Other exotic destinations that are currently opening up to windsurfing include Costa Rica and South Africa.

The latter held the Production Windsurfing World Championships last November and destinations such as Cape Town are very easy and cheap to get to with myriad charter and scheduled flights leaving from the UK daily. The conditions in South Africa range from flat water to some of the most challenging.

Costa Rica is the place to be for high wind windsurfing at the moment. Lake Arinal, a vast, man-made lake in the mountains, is popular with windsurfers. The lake and the coast experience high winds throughout the year.

Sportif Travel specialises in windsurfing in both of these countries and will have information about any developments in India.

Will jabs make me ill?

THERE seem to be so many vaccinations available these days (cholera, two types of hepatitis, rabies, malaria, yellow fever, TB and so on), I am convinced that by taking them all I will be in danger of falling victim to some kind of Gulf War Syndrome - making myself ill by consuming a cocktail of drugs. Is there anything in this?

Tim Smith

Grimsby

Dr Richard Dawood replies: True, there are plenty of vaccines available, though please note that the old cholera vaccine is now defunct (it never worked anyway), and there is not yet a vaccine against malaria - only tablets (though there is plenty of research going on).

Anyway, modern travel vaccines are the product of a massive research effort, are highly pure and safe, and have been used by many millions of people without harm.

Gulf War Syndrome is an entirely different story. Among other things, veterans of the conflict were exposed to unknown chemical and biological agents used by the other side, or which escaped from stockpiles that were destroyed.

The Allied forces were also given vaccines against plague and anthrax, and other medication intended to protect them from possible biological and chemical warfare agents. There were also local parasitic diseases against which they had no protection (such as leishmaniasis, which damages the immune system).

And, finally, they all faced the stresses and pollutants of an active modern war zone.

No experts believe that travel vaccination played any part in the origin of Gulf War Syndrome.
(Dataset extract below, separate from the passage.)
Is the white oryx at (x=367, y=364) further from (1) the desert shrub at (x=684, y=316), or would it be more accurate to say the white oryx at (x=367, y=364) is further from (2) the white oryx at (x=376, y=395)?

Without vaccination, travel to risk areas carries a far more tangible risk of serious illness.

Dr Richard Dawood is the Medical Director of the Fleet Street Travel Clinic, 29 Fleet Street, London EC4Y 1AA (tel: 0171-353 5678).
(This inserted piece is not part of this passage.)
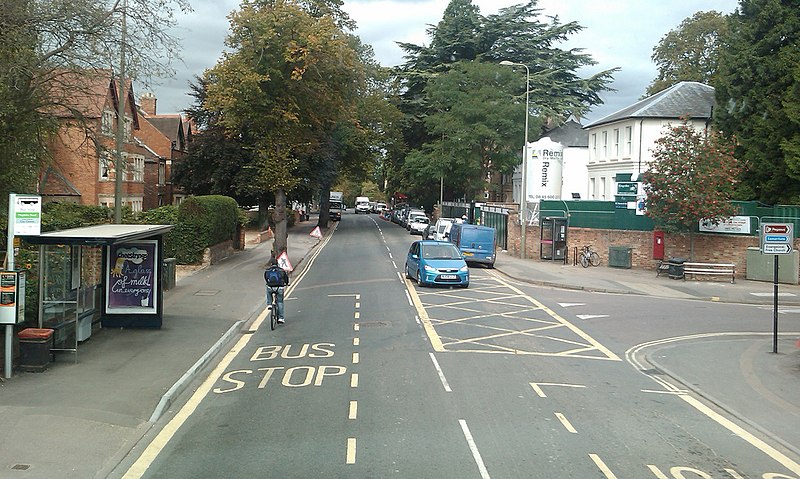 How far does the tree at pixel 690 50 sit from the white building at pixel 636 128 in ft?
49.5

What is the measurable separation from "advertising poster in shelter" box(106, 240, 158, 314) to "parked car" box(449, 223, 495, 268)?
20.2 meters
Let's all meet up in the year 2000

I WOULD like my family to join us for a weekend in Venice in February 2000, during carnival. I think four days would be enough. As they live in Hong Kong, Toronto, London and Glasgow, they will be flying in on different airlines. I would like a really good hotel, but not as expensive as The Danielle. There would be nine or 10 of us. How should I go about arranging all this?

Margaret Percy-Robb

Glasgow

The travel editor replies: It is often better, price-wise, to book as a group - some operators give group discounts. For group packages, including return flights from London, contact Crystal Holidays (tel: 0181-390 8217). Other specialists include Citalia (tel: 0181-686 0677) and Simply Italy (tel: 0181-995 9323).
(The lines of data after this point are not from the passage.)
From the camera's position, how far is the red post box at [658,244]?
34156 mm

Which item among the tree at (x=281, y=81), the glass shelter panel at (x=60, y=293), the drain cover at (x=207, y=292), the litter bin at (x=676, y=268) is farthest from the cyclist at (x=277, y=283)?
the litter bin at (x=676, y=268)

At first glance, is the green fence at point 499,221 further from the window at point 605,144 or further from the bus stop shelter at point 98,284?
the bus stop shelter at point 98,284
The route from Hong Kong to London via Toronto is an established one for airlines including British Airways, Cathay Pacific, United Airlines and Lufthansa, so your family may be able to fly to London on the same plane. Organise this through an agent such as Trailfinders (tel: 0171- 938 3939) for multiple options.

As your holiday will be at the beginning of the millennium and during carnival, booking ahead will be essential and may result in discounts. Or, you could make independent arrangements. Your family could travel with the same airlines from Hong Kong to Venice via Toronto.

You could book a hotel in Venice either through a tour operator or by phoning direct. Some of the many guide books which suggest accommodation include The Charming Small Hotels Guide to Venice (pounds 9.99), The Rough Guide to Venice (pounds 8.99), and the Blue Guide to Venice (pounds 11.99).